Data mining with Graylog2

Introduction

In my earlier post titled, Graylog2 - A scalable open source centralized logging system, I had described my experience with installing and configuring Graylog2. In this post, I will describe my experience with using the search features of Graylog2.

Using Graylog2 for analyzing log files

Once you have installed and configured Graylog2, you will of course want to use it for analyzing your log messages. The Graylog2 web interface has several features that can be used to analyze log files. These features include:

  • Input

    Inputs allow us to receive log messages. Different types of inputs can be defined using the Graylog2 web interface. Graylog2 supports many input formats. In short you can send log information from almost any device or application to your Graylog2 server. This information can be analysed and viewed using the Graylog2 web interface.

    The most commonly used inputs are Syslog TCP and Syslog UDP. If a Syslog server is running on your Graylog2 server then you can use these inputs. The Syslog server can work as a remote Syslog server for other hosts on your network. So the hosts send their log files to the Syslog server running on the Graylog2 server which in turn forwards them to Graylog2.

    Syslog is a well known service for sending and receiving log messages. Syslog clients and servers are available for most operating systems. Most Linux based operating systems have build in Syslog clients.

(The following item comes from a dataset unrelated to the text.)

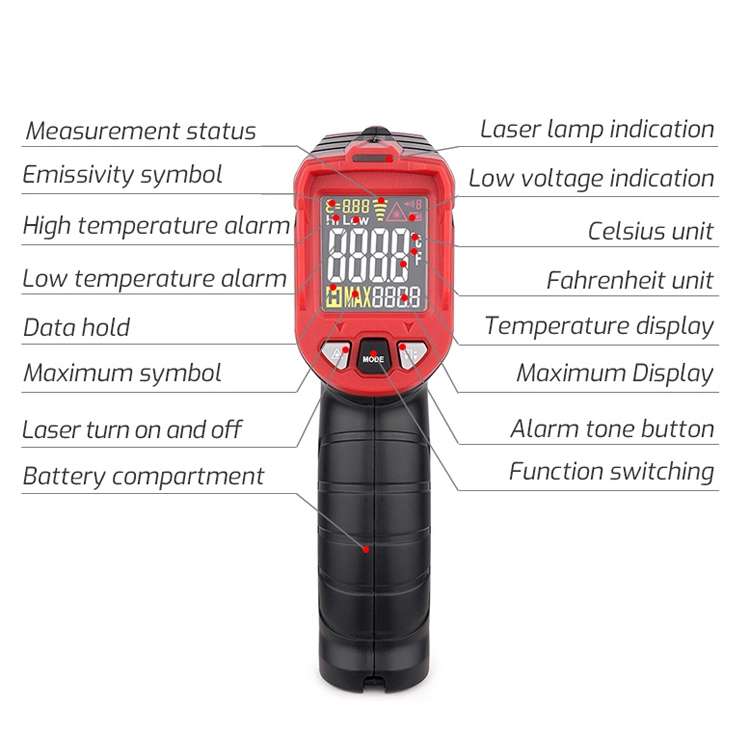 TASI Colorful Screen Infrared Thermometer, -50-480 Degrees Celsius(TA601A)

    To configure a Syslog client to send log messages to a Syslog server all you need to do is define the IP address of a Syslog server. For example on Linux distributions running the rsyslog client you only need to add this line at the end of the rsyslog.conf file: . @@ip_of_syslog_server:514. The Syslog server should be running on your Graylog2 server. Thats all you need to do in order to send Syslog messages from your hosts to your Graylog2 server.

  • This feature allows you to search your log messages directly. To access this feature click on the Search link at the top. Then enter your search terms in the search box. This will return all Graylog2 messages that contain the search terms.

    Even if your Graylog2 server does not have much RAM or CPU and has tens of millions of messages, your query should not take more than 2 seconds. We can also save a search and can go back to a previous search with a single click. The Graylog2 documentation has good description on the search features. For example the query: source: server_name, will return all messages sent by a server called server_name.

  • Streams and Alerts

    A stream is a flow of messages that satisfies certain conditions. For example all messages that contain the term SSH can be placed in one stream. Several such rules can be applied to a Stream. Alerts can also be added to the Stream. An alert is triggered if a certain condition is fulfilled.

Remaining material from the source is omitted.